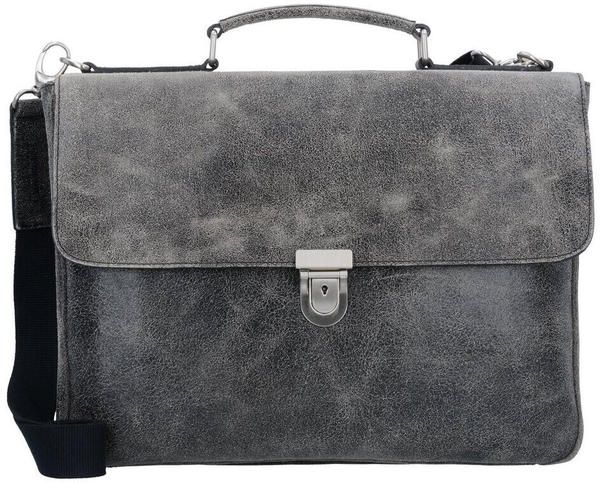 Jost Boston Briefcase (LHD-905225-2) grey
━━━━━━━━━━━━━━━━
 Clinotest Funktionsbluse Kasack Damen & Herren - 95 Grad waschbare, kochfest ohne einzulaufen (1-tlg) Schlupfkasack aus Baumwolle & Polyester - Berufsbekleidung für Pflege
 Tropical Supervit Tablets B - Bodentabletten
━━━━━━━━━━━━━━━━
— What to work on —
Only the lines above starting with the one with "Clinotest Funktionsbluse Kasack" and going through the one with "Tropical Supervit Tablets B - Bodentabletten" are to be copied, word for word and with both ends kept.

— Written answer —
 Clinotest Funktionsbluse Kasack Damen & Herren - 95 Grad waschbare, kochfest ohne einzulaufen (1-tlg) Schlupfkasack aus Baumwolle & Polyester - Berufsbekleidung für Pflege
 Tropical Supervit Tablets B - Bodentabletten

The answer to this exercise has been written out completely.